Minneapolis looks for new model of Community Participation.
The N'hoods work for future funding and NRP continuance.


Framework for the Future

Resources and Background

Framework for the Future (58 Kb PDF)
    Executive Summary (16 Kb PDF)
Framework - Annotated (86 Kb PDF)

New itemsFramework - Public Comments.( MS Word format.)

Keewaydin 2/28/08 Presentation
   Powerpoint (188 Kb .ppt)
   Adobe Acrobat (560 Kb .pdf)

NRP

Neighbors4nrp.com a citizen group working to continue NRP.

 

  Responses to the Framework

Framework - Public Comments.( MS Word format.)

Corcoran Neighborhood's comments
Framework Concerns (From the Neighbors4NRP group)
 

The city has laid out a proposal for the future of neighborhood participation in a document called Framework for the Future. Is this an improvement to citizen involvement, or an attempt to dismantle NRP?  

Background: For 18 years, the Minneapolis Neighborhood Revitalization Program has been one of the most successful, and award-winning, citizen participation programs in the country. Unfortunately, the legislation that created NRP and the provided an independant funding source are scheduled to end in 2009. With it would go all 68 neighborhood organizations along with local-level advocacy and the neighborhood-chosen improvement projects like low-interest home improvement loans, police and crime reduction funding, environmental improvements, and much more.

The NRP program and the City's neighborhood organizations are up against a City Council and Mayor who, in spite of lip-service to the contrary, have long wanted to end this model of citizen empowerment and fold any remains into the City's communications department.

Highlights of the draft Framework:
1) replace the NRP central office with a new community engagement division under the City Coordinator (budget: $1 million);
2) replace the NRP Policy Board with a Governing Board that advises, but does not control the budget or select its own director; Not the real cover
3) provide $2 million annually in administrative funding to neighborhood groups as part of the annual city budget process (less than $30,000 per neighborhood group);
4) set up a Neighborhood Investment Fund (NIF) for neighborhood programs (with budget and source of funds not identified);
5) provide part of those funds to neighborhoods through an allocation process, and the rest through a competitive micro-grant process.

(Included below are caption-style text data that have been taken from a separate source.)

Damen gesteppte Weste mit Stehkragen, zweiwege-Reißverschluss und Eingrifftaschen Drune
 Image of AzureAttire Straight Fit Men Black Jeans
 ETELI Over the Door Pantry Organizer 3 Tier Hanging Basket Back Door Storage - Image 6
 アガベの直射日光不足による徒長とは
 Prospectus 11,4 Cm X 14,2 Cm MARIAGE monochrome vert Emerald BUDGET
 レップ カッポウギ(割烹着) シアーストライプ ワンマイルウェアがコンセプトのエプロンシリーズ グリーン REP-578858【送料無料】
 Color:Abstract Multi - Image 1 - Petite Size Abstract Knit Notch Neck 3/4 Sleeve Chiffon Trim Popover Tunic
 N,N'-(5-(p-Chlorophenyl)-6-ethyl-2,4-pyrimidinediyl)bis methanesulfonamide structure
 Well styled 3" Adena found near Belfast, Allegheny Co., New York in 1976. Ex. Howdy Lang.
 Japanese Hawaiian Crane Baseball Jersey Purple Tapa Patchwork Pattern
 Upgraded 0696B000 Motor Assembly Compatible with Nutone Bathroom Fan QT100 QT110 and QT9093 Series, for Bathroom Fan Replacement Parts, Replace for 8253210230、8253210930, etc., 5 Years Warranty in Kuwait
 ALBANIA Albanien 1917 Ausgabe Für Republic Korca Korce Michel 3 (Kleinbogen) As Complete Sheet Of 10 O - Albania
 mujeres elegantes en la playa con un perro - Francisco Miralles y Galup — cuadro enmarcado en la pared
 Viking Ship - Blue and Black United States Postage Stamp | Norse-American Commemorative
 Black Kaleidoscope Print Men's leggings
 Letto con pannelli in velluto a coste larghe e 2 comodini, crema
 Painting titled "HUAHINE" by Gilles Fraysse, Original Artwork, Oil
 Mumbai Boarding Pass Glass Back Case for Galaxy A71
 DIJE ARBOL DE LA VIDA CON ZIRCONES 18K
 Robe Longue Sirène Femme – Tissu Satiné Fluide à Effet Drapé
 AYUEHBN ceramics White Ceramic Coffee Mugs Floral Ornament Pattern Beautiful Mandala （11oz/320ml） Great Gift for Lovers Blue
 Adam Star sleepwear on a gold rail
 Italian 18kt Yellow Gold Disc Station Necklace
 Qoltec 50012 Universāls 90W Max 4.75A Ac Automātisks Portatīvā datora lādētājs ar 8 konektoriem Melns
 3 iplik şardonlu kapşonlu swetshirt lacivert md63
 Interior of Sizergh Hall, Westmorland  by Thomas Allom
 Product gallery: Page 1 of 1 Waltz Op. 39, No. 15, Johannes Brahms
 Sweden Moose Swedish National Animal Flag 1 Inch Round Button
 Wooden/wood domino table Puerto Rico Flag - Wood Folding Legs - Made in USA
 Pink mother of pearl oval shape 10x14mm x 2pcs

Short Counterpoint:  Compared to the original legislated NRP budget of $20 million per year, $3 million will not go far. And, there is no firm commitment to fund the NIF, so no guarantee of additional money. Thirty thousand dollars per year will not keep a neighborhood office open. While it may pay for a few newsletters, insurance, and bookkeeping, etc., it won’t pay for rent, staff, equipment, or other basic office expenses. Nor will it pay for websites, community events, volunteer support, or any programs such as housing loans, environmental programs, safety initiatives, economic development, and so on.

Even with some token funding in the NIF, neighborhood programs would have to align with city priorities, not necessarily the neighborhood’s priorities. For example, if a neighborhood wants to offer home improvement loans, and the city’s priority du jour is first-time homebuyer assistance, which program do you think the City will fund? Also consider that the City's budget is redrawn every year, and cuts could be made by the Mayor and Council at their sole discretion.

It's not about money: In it's current form, the NRP program doesn't compete against, or use any of the City's general funds (police, fire, public works, administration, etc.). And even if fully funded into the future using taxpayer dollars, the program would cost the City less than 7/10ths of 1% of the City's $1.6 Billion budget. To offset that cost, NRP has already leveraged multi-million dollars of home and business improvements, brought many old and new partners together to benefit the city, has provided countless programs and projects city-wide that would not otherwise be available through services provided by the City of Minneapolis.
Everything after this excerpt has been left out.